Growth of entanglement of generic states under dual-unitary dynamics

TL;DR

This paper studies how entanglement grows in dual-unitary quantum circuits, showing that generic initial states lead to maximal entanglement growth in the long-time limit, extending known results from special solvable states.

Contribution

It demonstrates that even for generic initial states, dual-unitary circuits eventually achieve maximal entanglement growth, generalizing previous results limited to solvable states.

Findings

Entanglement growth approaches maximum in the infinite-time limit for generic states.

Sub-maximal entanglement growth occurs at finite times for generic states.

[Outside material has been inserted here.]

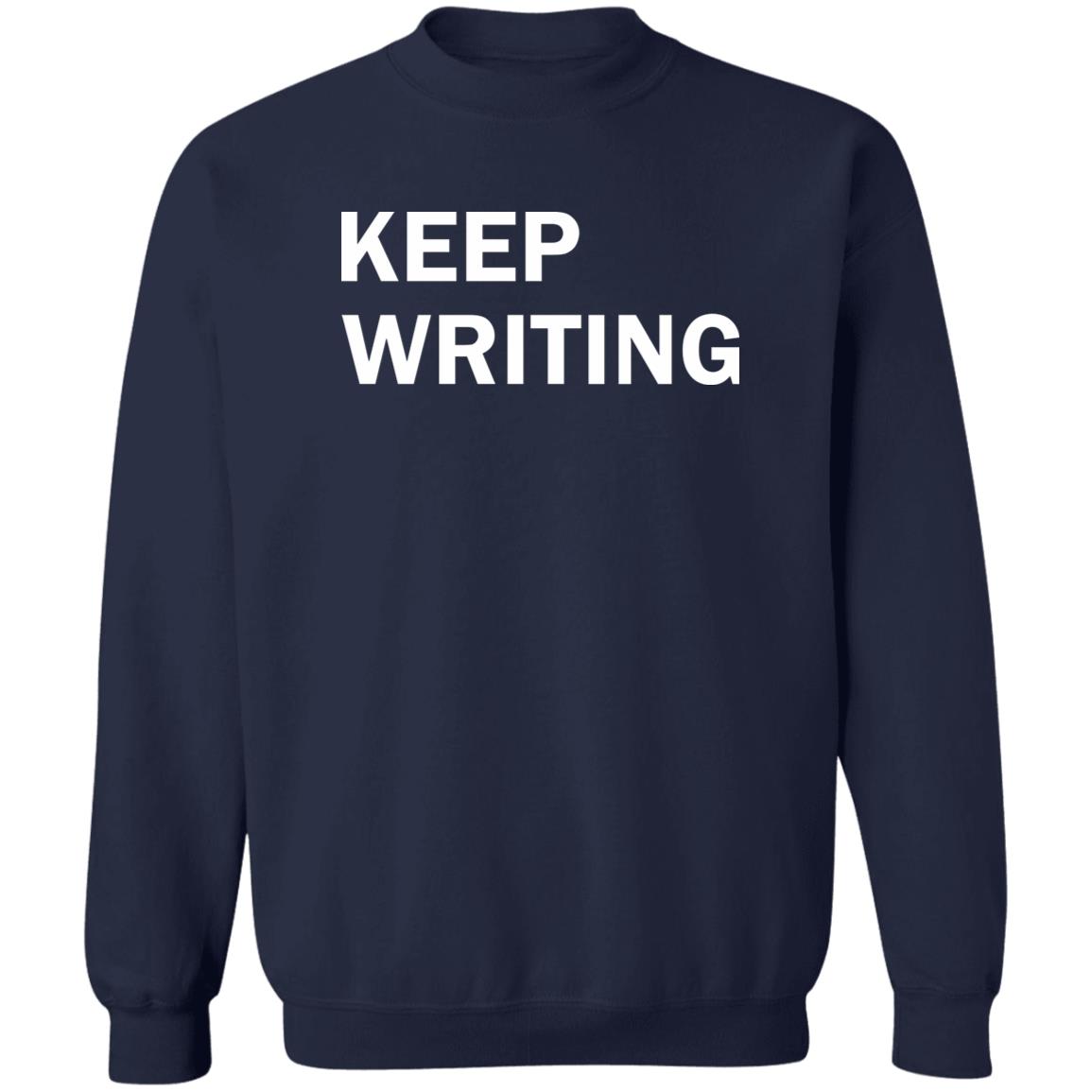 Keep Writing Shirt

Rigorous proof provided for circuits with high entanglement generation.

Abstract

Dual-unitary circuits are a class of locally-interacting quantum many-body systems displaying unitary dynamics also when the roles of space and time are exchanged. These systems have recently emerged as a remarkable framework where certain features of many-body quantum chaos can be studied exactly. In particular, they admit a class of ``solvable" initial states for which, in the thermodynamic limit, one can access the full non-equilibrium dynamics. This reveals a surprising property: when a dual-unitary circuit is prepared in a solvable state the quantum entanglement between two complementary spatial regions grows at the maximal speed allowed by the local structure of the evolution. Here we investigate the fate of this property when the system is prepared in a generic pair-product state. We show that in this case the entanglement increment during a time step is sub-maximal for finite times, however, it approaches the maximal value in the infinite-time limit. This statement is proven rigorously for dual-unitary circuits generating high enough entanglement, while it is argued to hold for the entire class.